As the globe shrinks and horses travel the planet to contest major prizes, the collateral form lines start to build. Emerging stars in the US, England, Ireland and France develop the currency that make them contenders as both racehorses and potential stallions in Hong Kong, Japan, Australia and New Zealand as well as in their own backyard.
The 2000 Guineas - the race that launched Frankel as a superstar last year - was run overnight at Newmarket in England, with the fillies equivalent, the 1000 Guineas, being run late tonight.
The two 1600-metre contests for three-year-olds are two of England's five classics, the ultimate tests for three-year-olds.
Aidan O'Brien, who sent out the unbeaten Camelot as favourite for the colt's event, will be looking to short-priced contender Maybe, who won all of her five starts as a two-year-old, making a successful seasonal debut in the 1000 Guineas just after midnight this evening.
Earlier in the day Australian fans of international racing can get an early morning fix when the Kentucky Derby, the first leg of the US Triple Crown, is staged at Churchill Downs.
The Bob Baffert-trained Bodemeister is favourite to provide his trainer with the ideal pick-up and defy history to become the first winner in 130 years not to have run as a two-year-old. Baffert, who has won the ''run for the roses'' three times already, is himself recovering from a heart attack he sustained in Dubai while saddling runners at the World Cup meeting in late March.

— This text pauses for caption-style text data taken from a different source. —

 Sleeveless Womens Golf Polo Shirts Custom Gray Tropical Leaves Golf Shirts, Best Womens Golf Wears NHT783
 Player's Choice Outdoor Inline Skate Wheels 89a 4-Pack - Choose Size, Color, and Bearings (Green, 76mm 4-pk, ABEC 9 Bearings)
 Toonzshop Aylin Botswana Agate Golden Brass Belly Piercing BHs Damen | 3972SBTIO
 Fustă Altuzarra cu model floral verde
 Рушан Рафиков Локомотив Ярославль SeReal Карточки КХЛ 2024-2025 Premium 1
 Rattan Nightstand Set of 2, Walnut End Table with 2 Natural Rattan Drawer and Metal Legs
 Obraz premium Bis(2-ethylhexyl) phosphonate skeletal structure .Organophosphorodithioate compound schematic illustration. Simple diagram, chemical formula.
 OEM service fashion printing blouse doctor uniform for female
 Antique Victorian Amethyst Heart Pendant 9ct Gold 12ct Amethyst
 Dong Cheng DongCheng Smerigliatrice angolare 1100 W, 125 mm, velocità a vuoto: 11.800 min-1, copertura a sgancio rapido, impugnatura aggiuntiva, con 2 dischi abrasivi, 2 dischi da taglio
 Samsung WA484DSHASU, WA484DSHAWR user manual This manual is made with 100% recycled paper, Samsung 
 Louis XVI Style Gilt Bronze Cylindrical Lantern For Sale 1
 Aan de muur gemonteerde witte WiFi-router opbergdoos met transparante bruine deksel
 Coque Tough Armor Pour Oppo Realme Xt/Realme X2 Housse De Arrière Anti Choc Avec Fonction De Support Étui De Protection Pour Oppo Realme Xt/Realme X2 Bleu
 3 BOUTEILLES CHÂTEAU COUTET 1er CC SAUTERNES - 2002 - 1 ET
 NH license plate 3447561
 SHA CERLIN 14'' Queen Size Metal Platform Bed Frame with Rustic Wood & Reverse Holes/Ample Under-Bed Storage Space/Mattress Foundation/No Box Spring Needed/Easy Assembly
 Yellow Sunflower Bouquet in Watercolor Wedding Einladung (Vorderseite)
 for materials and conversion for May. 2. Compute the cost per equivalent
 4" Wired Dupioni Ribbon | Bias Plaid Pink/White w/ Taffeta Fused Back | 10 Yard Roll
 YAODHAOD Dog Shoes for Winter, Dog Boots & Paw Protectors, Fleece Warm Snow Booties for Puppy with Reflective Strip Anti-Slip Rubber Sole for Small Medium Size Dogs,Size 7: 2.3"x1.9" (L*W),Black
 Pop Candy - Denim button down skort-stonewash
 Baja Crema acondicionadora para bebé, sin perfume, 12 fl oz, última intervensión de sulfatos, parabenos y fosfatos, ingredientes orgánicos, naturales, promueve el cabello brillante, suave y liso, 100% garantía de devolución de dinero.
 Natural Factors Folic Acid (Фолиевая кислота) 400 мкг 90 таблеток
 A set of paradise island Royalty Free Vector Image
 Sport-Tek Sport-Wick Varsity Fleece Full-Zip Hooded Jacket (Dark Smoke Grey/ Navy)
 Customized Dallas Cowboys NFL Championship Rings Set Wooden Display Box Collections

Bodemeister's lack of experience as a juvenile shouldn't count for too much as he has had four starts already this year and won the Arkansas Derby by almost 10 lengths, recording smart times almost every occasion he set foot on a racetrack.
Another race that should capture local interest is the Champions Mile at Hong Kong's Sha Tin track today where Peter Moody's mare King's Rose will fly the Australian flag in a competitive field headed by English galloper Cityscape, who proved himself as an international group 1 horse with an easy 4¼-length win in the Dubai Duty Free at Meydan on World Cup night.
King's Rose ran a good trial last start when placed in Sydney behind More Joyous but today she is up against seasoned Hong Kong gallopers such as the veteran Able One and Ambitious Dragon.